Web page caption snippets:
▼

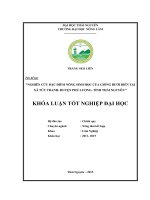 Nghiên cứu đặc điểm nông sinh học của giống bưởi diễn tại xã Tức Tranh  huyện Phú Lương  tỉnh Thái Nguyên (Khóa luận tốt nghiệp)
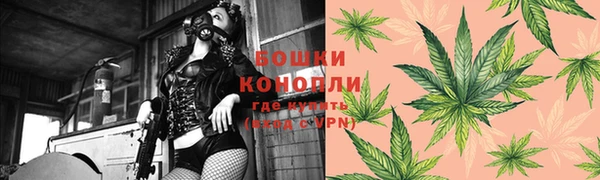 ГАЛЛЮЦИНОГЕННЫЕ ГРИБЫ Магас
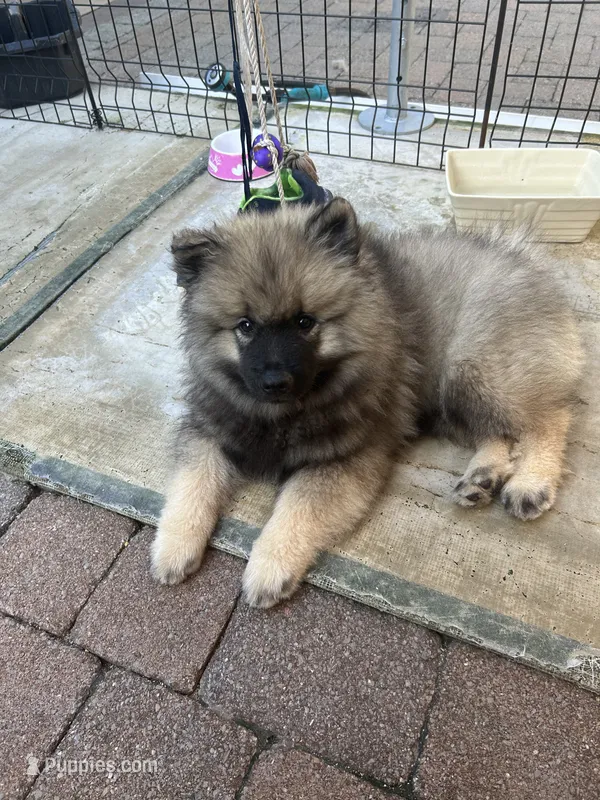 Milo – Keeshond puppy for sale in Manchester Township, NJ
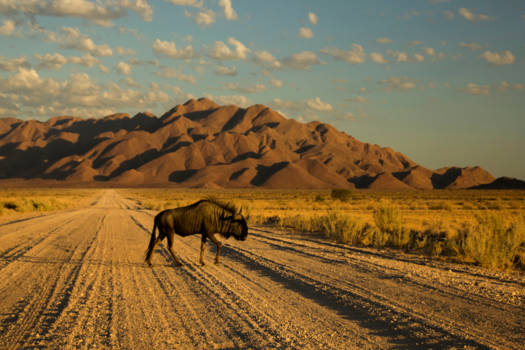 Namibië - Wildebeest op de weg richting Namib-Naukluft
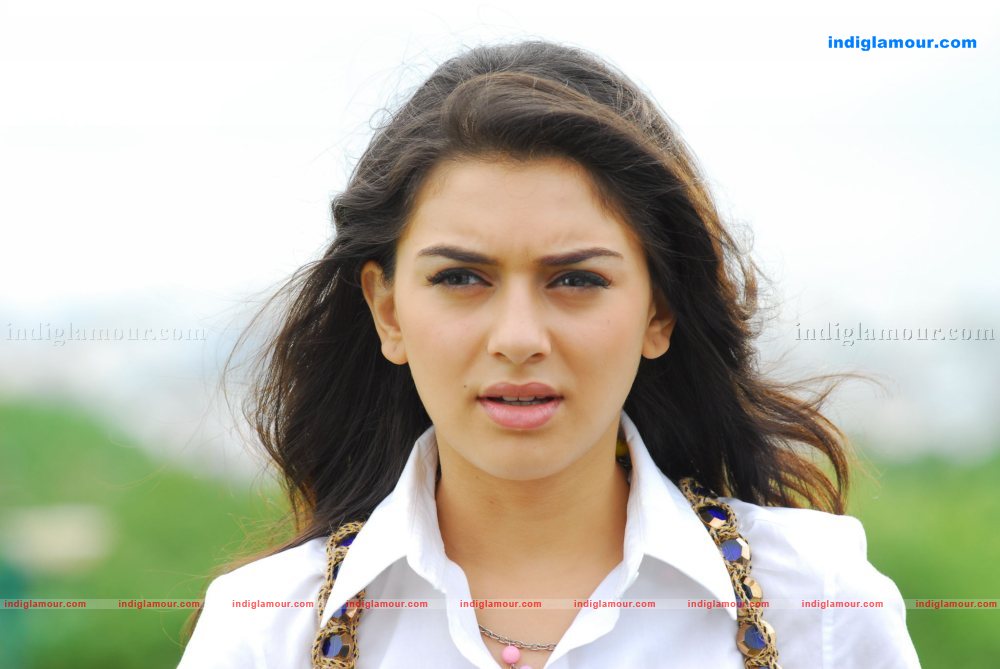 Hansika Motwani Actress hd photo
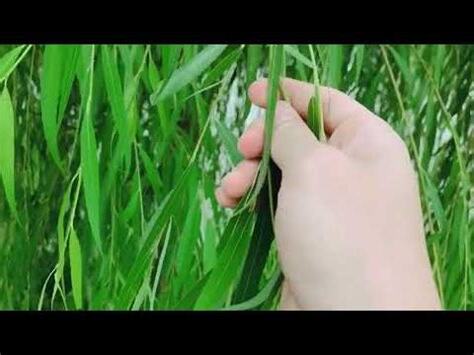 柳樹種植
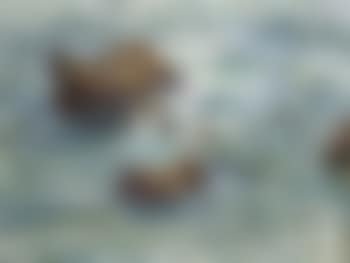 Rocks near les Trayas (preview)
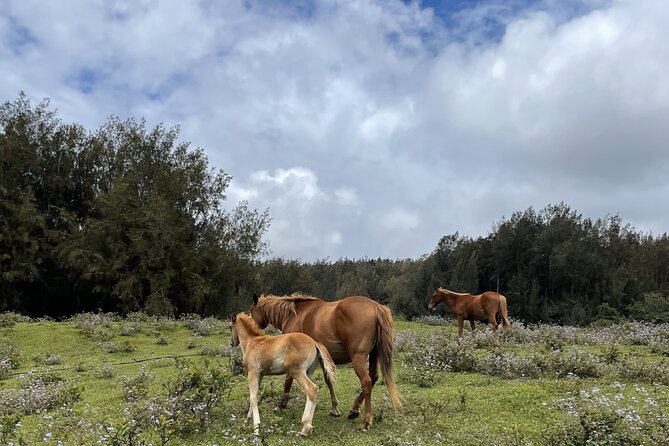 Waipi’o on Horseback: Mountain Ocean Views Working Cattle Ranch - The ocean-view issue deserves clear attention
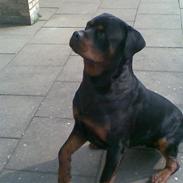 Rottweiler max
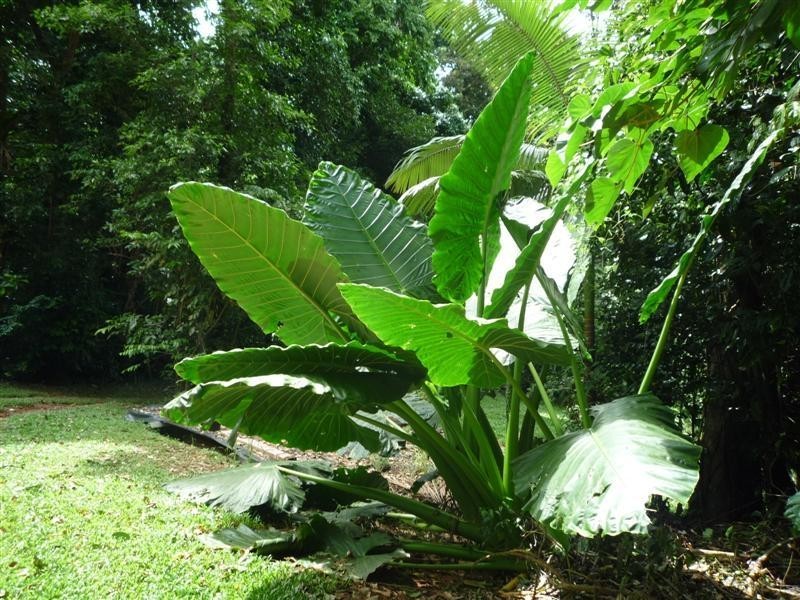 Garners Beach QLD 4852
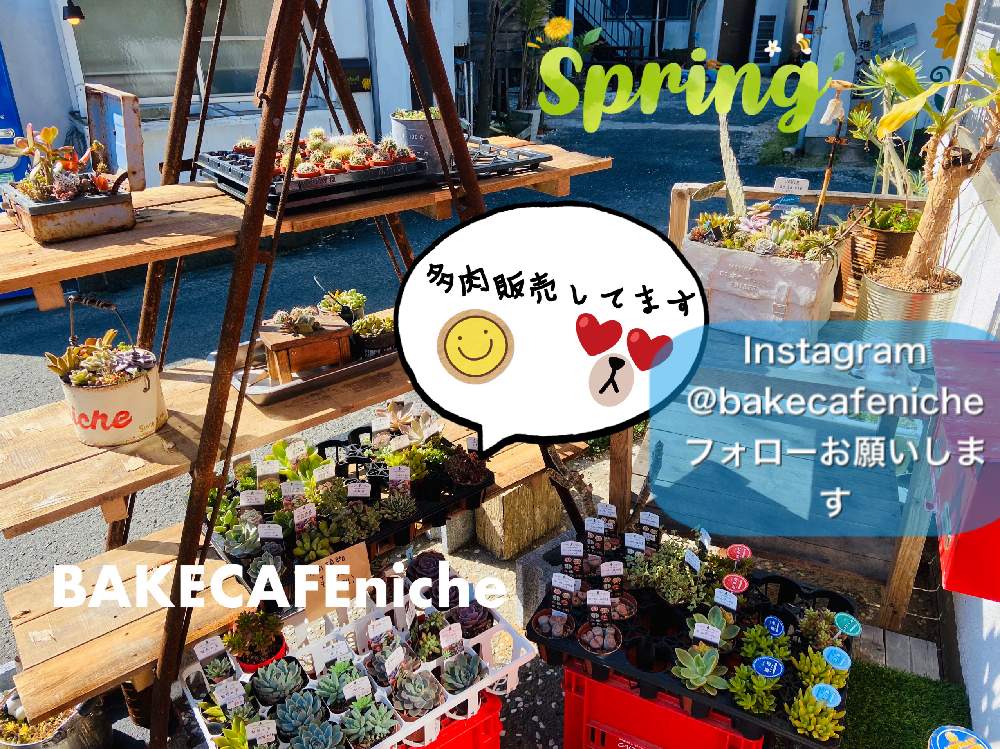 エントランスの画像 by BAKECAFE nicheさん | エントランスと多肉植物いろいろと多肉植物とHTCと多肉植物のある暮らしとBAKECAFE nicheとInstagram更新中と多肉植物販売してますとHTC広報部長とキュンキュン乙女倶楽部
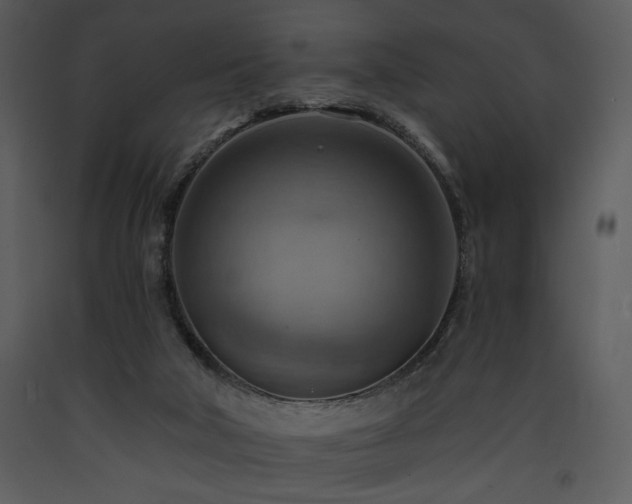 X0000090630018200707171457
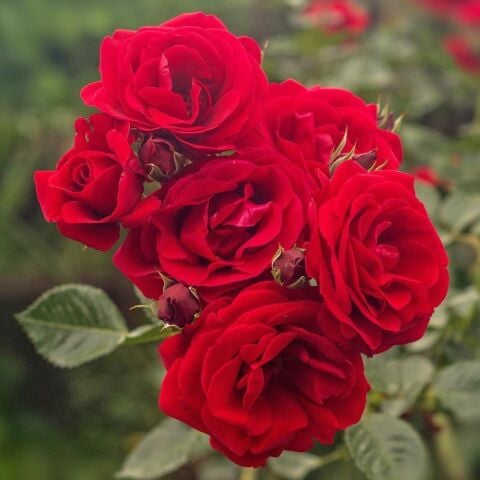 Tüplü ve Aşılı Kırmızı Gül Fidanı (Kök Yaşı 3)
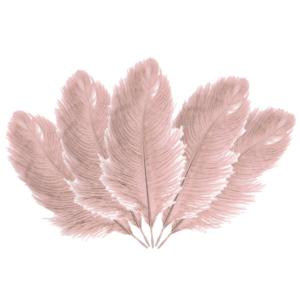 Struisvogelveren/sierveren - 5x - oud roze - 20-25 cm - decoratie/hobbymateriaal   -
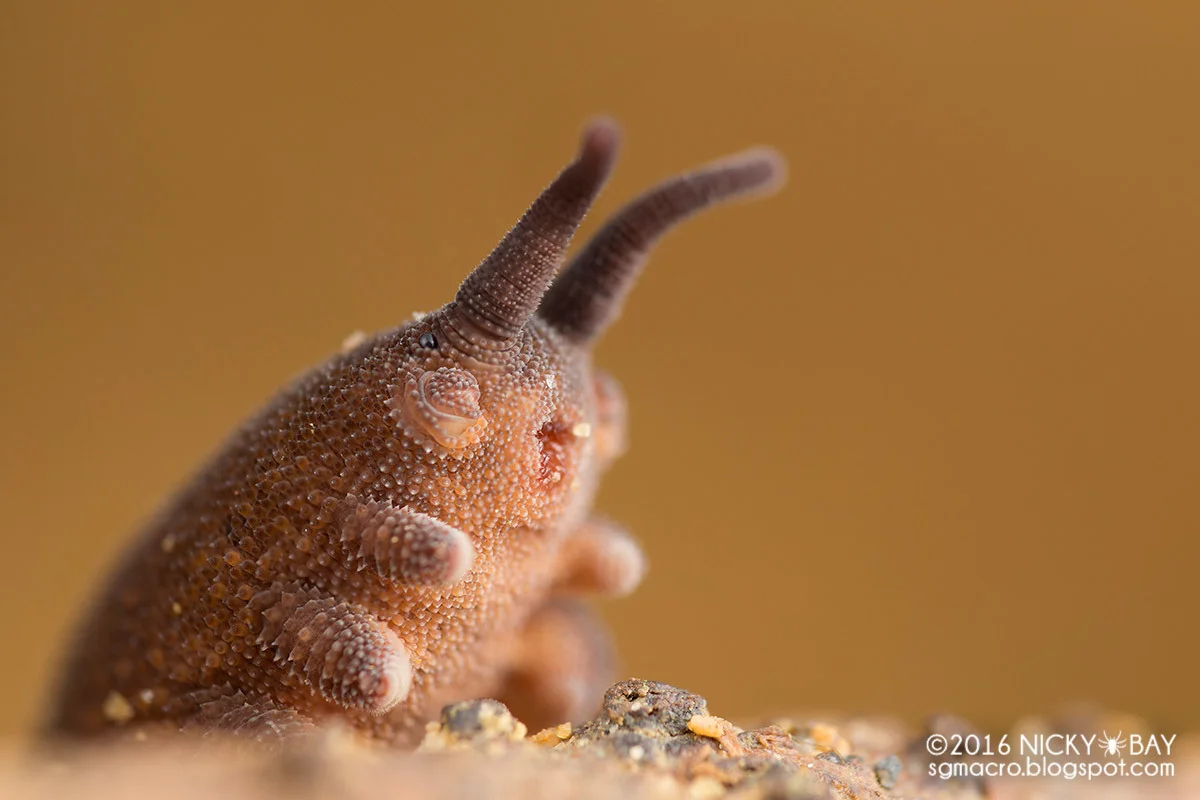 Eoperipatus sumatranus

▲

_WORK REQUIRED_
Could you restate every record above word for word, leaving the pictures out?

_REPLY TO THE EXERCISE_
 Nghiên cứu đặc điểm nông sinh học của giống bưởi diễn tại xã Tức Tranh  huyện Phú Lương  tỉnh Thái Nguyên (Khóa luận tốt nghiệp)
 ГАЛЛЮЦИНОГЕННЫЕ ГРИБЫ Магас
 Milo – Keeshond puppy for sale in Manchester Township, NJ
 Namibië - Wildebeest op de weg richting Namib-Naukluft
 Hansika Motwani Actress hd photo
 柳樹種植
 Rocks near les Trayas (preview)
 Waipi’o on Horseback: Mountain Ocean Views Working Cattle Ranch - The ocean-view issue deserves clear attention
 Rottweiler max
 Garners Beach QLD 4852
 エントランスの画像 by BAKECAFE nicheさん | エントランスと多肉植物いろいろと多肉植物とHTCと多肉植物のある暮らしとBAKECAFE nicheとInstagram更新中と多肉植物販売してますとHTC広報部長とキュンキュン乙女倶楽部
 X0000090630018200707171457
 Tüplü ve Aşılı Kırmızı Gül Fidanı (Kök Yaşı 3)
 Struisvogelveren/sierveren - 5x - oud roze - 20-25 cm - decoratie/hobbymateriaal   -
 Eoperipatus sumatranus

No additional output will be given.